In the first race, Price had the advantage of coming in on starboard tack and was dominating the pre-start. However, she was forced to let the Finns out from under and when the gun went, the Australians went right and the Finns went left.

When they came back together, Finland was in front and it became a drag race up the first beat. A few desultory tacks and it was round the top mark with Finland holding a comfortable lead. And that’s the way it stayed, despite some more tacking and gybing, all of which was well covered.

Race Two

In the second race, the tables were turned. Lehtinen had the starboard advantage and quickly put a penalty on the Australians, but it was Price who won the pre-start after breaking away and catching Finland a little too far off the transom.

Once in control, the Australians were ruthless. Price sailed the Finns almost into the pin, then peeled away in total control. The boats split and came back, split and came back, seven times in total. At the top mark Price still had control. She spun the boat around and raced away downwind, extending the lead.

From the bottom mark it was a drag race, with the lead so great that Price could combine do the penalty turn and still come out in the dominant position, simply rounding the mark and racing downwind to the finish.

It was 1-1. A glance at the scoreboard showed that Ekaterina Skudina (RUS) and Tamara Dominguez (ESP) were also 1-1. It was already going to be a long day, and then the wind died.

Race Three

After a long delay, the final race looked like a disaster for Price. She was on the Finn’s transom, doing circles, hassling well but then Lehtinen forced her over the line and she had to recross. This let Finland away and despite some close crosses they held a decisive lead at the top mark.

The conditions were very light and going downwind, Curtis and Whitty were crouched forward near the mast. They pulled alongside but Finland gybed away. All six women were moving very slowly and carefully around the boat, avoiding sudden movements. The Elliott 6s glided slowly towards the mark.

There was no overlap at the bottom, and Australia was forced to tack away on port. The boats would separate, come back together and separate away, always with the Australians to the right. They  closed but couldn’t get the overlap.
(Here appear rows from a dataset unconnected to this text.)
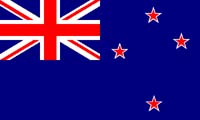 New Zealand flag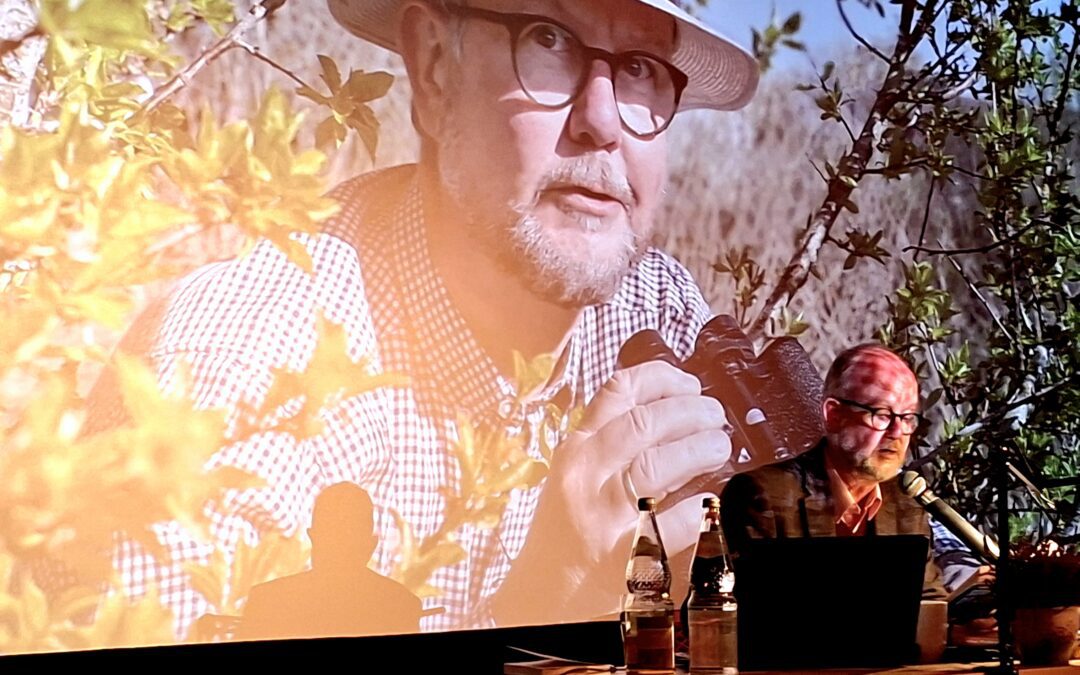 Nachlese zur vergnüglichen Lesung mit Ralf Kramp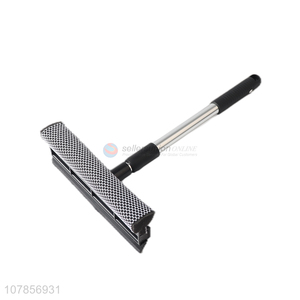 High quality telescopic window sponge squeegee car windshield cleaner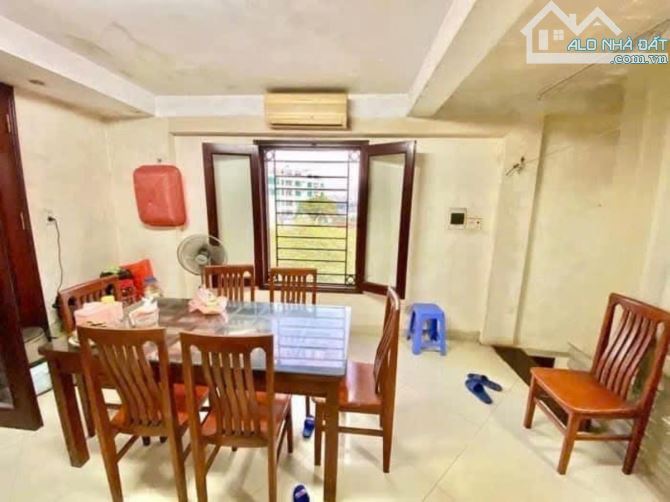 Hiếm căn nhà Kim Mã – 75m², 5 tầng, ngõ ô tô tránh – giá 20 tỷ, thông tin chuẩn 100% - 4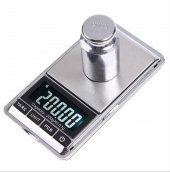 Kılıf Hediyeli Hassas Mini Terazi 500 gram 0.01 Hassasiyet - 1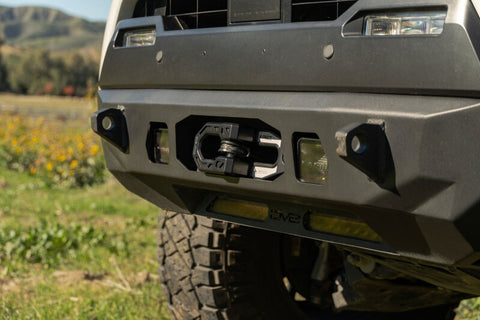 DV8 Offroad DV8 Xtract Winch Fairlead | Closed System - WBPF-02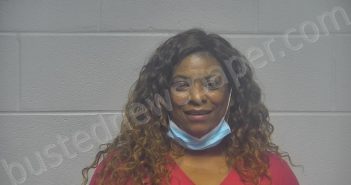 MORGAN-NWOSU, GALE VELAY | 2020-11-05 02:07:00 Oldham County, Kentucky Booking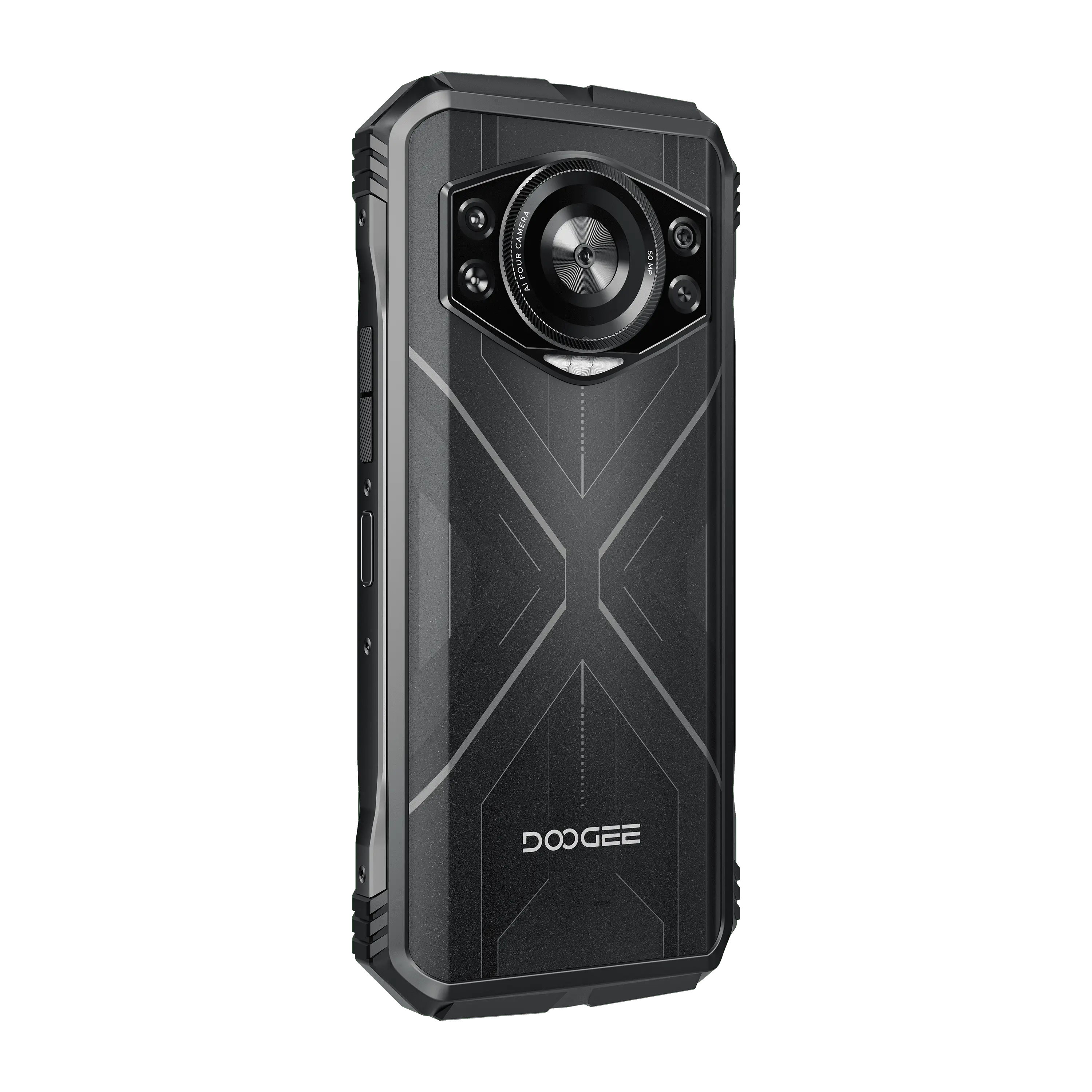 DOOGEE S cyber 10800mAh Large battery 20GB RAM + 256GB ROM Android 14 Rugged Phone DOOGEE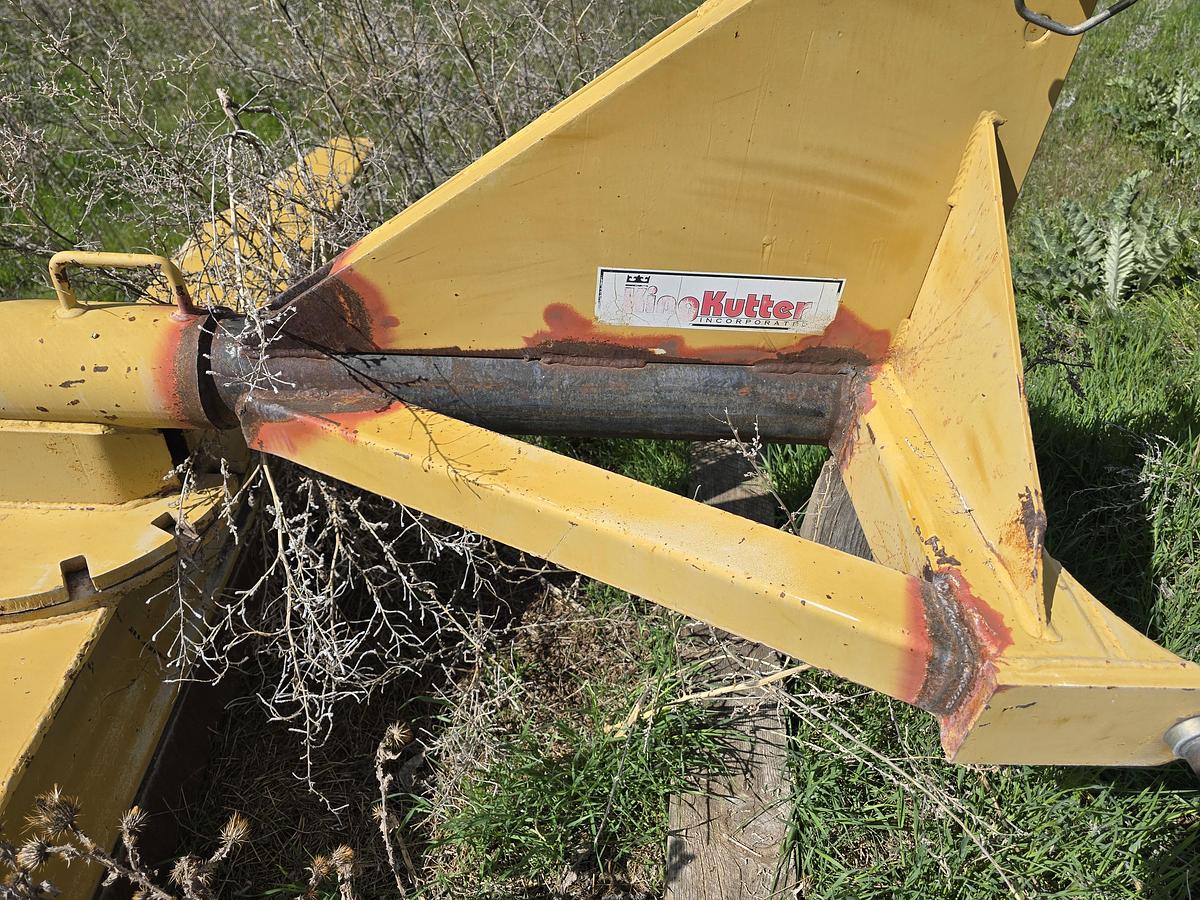 Used 96" KingKutter 3pt Blade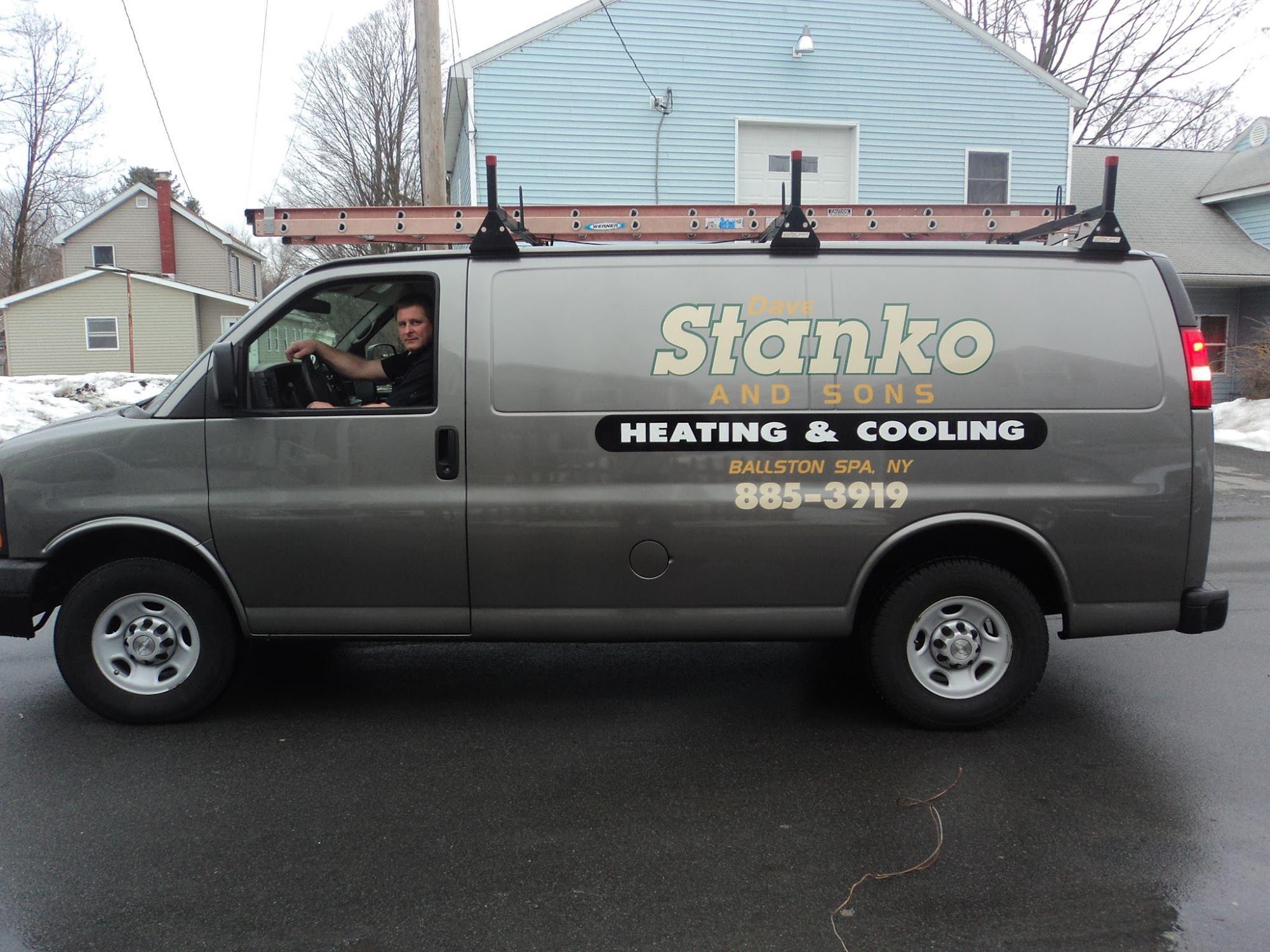 Stanko & Sons Heating & Cooling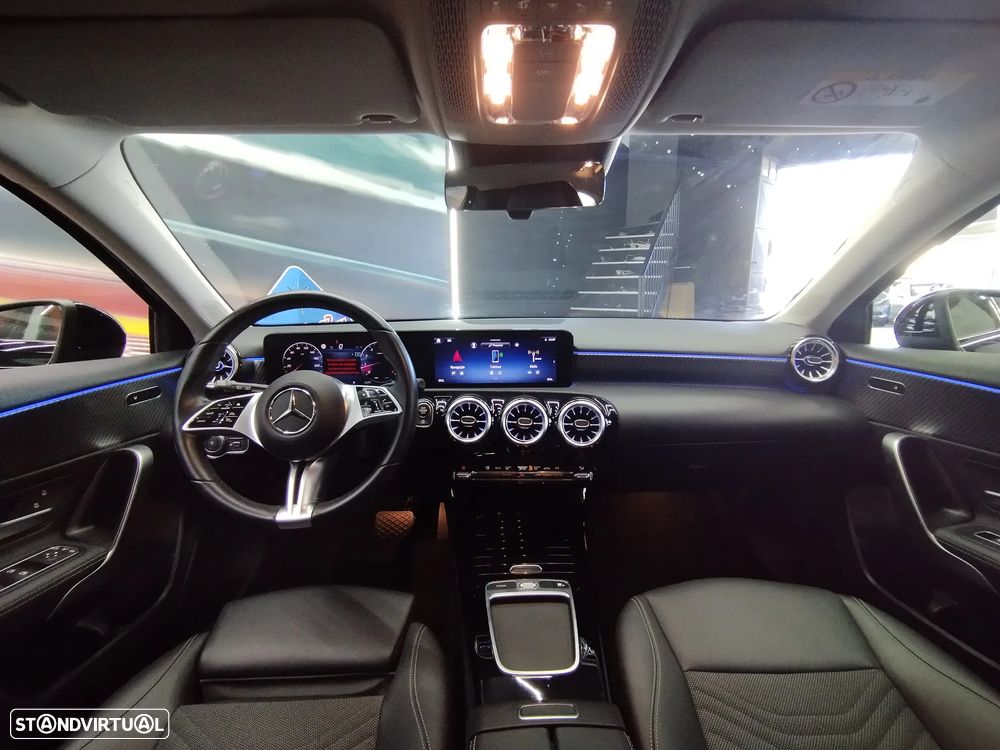 Mercedes-Benz A 200 Progressive Aut. - 17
Around the top mark there was almost no wind at all. Price gybed, went to one side then the other, trying to steal the Finns’ wind. Finland held.

Coming into the line it looked as though Australia could lay it, but they gybed then Finland gybed. There was nothing in it as the two boats ghosted towards the finish… then the blue flag went up. Australia had won!

With no time left to sail the next two races, Price Curtis and Witty were declared the winners and will race Tamara Dominguez of Spain for the gold medal tomorrow.